▸ The problem: Print exactly those lines that run from the beginning of the data to the line bearing "761 - A Chinese", inclusive.

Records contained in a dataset

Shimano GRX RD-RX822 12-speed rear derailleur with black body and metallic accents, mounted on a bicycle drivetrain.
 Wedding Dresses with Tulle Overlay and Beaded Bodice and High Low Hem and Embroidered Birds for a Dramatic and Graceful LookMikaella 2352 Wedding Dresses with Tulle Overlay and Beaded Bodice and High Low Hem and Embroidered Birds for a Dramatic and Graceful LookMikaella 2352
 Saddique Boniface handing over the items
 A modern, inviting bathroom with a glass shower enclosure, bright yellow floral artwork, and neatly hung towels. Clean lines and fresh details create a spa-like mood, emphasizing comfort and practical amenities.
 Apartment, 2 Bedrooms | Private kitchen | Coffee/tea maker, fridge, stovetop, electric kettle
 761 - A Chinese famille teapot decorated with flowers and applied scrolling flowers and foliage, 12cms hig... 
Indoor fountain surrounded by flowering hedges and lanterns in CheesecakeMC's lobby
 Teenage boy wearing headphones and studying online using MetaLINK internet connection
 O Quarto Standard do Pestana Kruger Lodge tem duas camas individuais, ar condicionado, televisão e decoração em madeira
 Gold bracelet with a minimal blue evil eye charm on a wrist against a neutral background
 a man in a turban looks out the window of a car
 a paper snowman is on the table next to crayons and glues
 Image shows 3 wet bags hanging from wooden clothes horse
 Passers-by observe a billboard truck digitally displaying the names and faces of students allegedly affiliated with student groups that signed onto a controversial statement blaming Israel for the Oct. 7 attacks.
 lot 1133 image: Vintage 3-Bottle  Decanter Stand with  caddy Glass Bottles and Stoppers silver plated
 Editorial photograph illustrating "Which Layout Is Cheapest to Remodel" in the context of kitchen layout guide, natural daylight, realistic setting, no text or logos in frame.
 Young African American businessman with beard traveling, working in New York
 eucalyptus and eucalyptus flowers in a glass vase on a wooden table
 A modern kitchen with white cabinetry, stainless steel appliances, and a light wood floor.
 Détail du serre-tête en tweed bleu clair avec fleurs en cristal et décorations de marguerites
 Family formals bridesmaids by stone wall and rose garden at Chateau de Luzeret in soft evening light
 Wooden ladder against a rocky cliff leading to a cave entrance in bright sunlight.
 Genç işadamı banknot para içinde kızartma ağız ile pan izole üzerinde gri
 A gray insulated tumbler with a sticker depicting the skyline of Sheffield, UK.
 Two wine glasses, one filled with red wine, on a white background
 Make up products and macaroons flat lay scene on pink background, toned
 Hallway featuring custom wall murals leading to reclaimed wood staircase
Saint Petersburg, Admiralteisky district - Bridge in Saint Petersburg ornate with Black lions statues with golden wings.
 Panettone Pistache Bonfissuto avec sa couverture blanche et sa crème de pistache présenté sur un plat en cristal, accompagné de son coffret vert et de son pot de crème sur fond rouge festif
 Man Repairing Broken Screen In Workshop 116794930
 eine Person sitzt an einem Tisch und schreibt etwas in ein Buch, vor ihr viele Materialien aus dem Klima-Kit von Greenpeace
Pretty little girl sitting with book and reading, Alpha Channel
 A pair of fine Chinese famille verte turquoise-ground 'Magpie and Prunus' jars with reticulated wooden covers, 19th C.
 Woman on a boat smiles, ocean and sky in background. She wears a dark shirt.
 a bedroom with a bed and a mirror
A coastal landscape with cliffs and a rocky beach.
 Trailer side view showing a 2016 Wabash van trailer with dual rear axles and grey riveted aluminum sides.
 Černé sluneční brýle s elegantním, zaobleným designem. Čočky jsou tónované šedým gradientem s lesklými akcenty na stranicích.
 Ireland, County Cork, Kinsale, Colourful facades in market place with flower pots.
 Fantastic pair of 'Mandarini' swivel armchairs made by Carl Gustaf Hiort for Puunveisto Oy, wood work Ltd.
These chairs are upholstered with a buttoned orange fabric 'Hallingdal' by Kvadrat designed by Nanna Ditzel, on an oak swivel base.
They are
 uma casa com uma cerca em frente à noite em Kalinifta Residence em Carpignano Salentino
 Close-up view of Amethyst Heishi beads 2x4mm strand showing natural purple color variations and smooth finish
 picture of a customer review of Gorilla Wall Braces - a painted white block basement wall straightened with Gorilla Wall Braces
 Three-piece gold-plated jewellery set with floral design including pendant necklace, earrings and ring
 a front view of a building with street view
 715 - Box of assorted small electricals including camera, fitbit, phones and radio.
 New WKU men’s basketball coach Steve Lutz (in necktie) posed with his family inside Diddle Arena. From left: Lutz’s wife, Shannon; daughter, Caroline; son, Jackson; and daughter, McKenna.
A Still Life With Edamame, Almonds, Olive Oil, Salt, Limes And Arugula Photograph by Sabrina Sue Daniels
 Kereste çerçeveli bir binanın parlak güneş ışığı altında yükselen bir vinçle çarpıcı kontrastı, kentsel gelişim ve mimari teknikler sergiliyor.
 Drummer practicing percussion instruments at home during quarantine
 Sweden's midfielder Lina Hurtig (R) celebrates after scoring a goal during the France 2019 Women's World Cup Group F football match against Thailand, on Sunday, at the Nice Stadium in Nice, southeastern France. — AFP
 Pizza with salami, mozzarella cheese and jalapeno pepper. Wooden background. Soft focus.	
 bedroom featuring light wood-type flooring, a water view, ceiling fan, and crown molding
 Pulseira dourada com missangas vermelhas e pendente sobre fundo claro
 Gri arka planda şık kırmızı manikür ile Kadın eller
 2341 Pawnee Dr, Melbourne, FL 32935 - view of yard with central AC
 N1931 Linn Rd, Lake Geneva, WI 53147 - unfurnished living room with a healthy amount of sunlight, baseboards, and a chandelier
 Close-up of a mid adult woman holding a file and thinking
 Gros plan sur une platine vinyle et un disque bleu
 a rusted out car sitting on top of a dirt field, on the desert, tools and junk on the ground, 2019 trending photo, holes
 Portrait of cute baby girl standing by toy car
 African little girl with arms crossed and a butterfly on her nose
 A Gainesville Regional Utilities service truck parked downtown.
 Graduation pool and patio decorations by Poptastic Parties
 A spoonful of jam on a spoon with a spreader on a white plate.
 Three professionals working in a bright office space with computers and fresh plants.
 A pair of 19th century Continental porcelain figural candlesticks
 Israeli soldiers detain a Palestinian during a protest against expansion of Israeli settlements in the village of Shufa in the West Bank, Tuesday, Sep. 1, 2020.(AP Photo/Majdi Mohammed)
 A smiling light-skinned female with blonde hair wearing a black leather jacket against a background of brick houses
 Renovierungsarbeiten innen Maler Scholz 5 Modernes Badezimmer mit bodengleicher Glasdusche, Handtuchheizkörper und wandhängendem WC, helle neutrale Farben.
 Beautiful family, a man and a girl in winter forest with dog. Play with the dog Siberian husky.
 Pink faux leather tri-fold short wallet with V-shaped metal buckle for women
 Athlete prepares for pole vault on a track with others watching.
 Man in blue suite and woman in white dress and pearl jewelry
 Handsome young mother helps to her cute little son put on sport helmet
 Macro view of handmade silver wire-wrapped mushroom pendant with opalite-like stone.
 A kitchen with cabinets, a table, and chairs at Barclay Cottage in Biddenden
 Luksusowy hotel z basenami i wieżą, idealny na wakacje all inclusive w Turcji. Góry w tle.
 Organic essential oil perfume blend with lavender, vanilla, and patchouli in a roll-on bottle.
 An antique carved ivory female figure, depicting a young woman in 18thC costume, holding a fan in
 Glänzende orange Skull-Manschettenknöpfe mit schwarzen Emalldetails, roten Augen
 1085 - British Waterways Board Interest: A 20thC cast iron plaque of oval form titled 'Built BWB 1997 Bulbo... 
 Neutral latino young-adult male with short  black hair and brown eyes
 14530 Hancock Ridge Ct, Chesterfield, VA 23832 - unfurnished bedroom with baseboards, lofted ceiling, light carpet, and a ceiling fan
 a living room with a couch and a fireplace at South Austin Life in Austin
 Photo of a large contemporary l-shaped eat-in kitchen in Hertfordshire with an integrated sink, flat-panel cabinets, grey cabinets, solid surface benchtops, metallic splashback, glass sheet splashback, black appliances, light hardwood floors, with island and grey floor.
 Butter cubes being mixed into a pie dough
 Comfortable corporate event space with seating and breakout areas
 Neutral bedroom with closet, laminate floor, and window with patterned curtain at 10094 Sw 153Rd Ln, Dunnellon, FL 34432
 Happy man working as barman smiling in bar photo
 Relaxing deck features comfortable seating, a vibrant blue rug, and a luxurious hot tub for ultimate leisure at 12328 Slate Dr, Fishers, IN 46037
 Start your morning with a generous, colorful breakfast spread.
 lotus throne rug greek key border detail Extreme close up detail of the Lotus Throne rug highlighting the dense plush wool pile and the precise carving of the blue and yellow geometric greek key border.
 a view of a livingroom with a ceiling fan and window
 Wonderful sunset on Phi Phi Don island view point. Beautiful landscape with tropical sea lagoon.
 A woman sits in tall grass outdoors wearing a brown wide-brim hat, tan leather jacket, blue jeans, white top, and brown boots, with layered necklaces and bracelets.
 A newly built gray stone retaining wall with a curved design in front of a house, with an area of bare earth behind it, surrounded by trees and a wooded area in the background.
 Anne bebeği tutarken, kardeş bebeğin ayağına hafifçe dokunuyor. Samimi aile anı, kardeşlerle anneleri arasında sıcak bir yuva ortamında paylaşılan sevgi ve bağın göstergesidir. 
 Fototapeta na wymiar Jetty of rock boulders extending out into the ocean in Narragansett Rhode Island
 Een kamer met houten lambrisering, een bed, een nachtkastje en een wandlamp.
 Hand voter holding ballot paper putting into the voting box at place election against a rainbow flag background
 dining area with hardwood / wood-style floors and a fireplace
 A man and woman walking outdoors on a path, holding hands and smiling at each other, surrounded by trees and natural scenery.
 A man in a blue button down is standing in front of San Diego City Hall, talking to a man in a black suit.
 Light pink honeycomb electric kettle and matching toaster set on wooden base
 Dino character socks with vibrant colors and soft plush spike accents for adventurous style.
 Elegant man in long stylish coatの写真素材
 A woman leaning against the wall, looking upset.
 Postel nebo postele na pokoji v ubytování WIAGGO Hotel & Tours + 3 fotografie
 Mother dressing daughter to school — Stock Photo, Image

▸ Solution below:
Shimano GRX RD-RX822 12-speed rear derailleur with black body and metallic accents, mounted on a bicycle drivetrain.
 Wedding Dresses with Tulle Overlay and Beaded Bodice and High Low Hem and Embroidered Birds for a Dramatic and Graceful LookMikaella 2352 Wedding Dresses with Tulle Overlay and Beaded Bodice and High Low Hem and Embroidered Birds for a Dramatic and Graceful LookMikaella 2352
 Saddique Boniface handing over the items
 A modern, inviting bathroom with a glass shower enclosure, bright yellow floral artwork, and neatly hung towels. Clean lines and fresh details create a spa-like mood, emphasizing comfort and practical amenities.
 Apartment, 2 Bedrooms | Private kitchen | Coffee/tea maker, fridge, stovetop, electric kettle
 761 - A Chinese famille teapot decorated with flowers and applied scrolling flowers and foliage, 12cms hig... 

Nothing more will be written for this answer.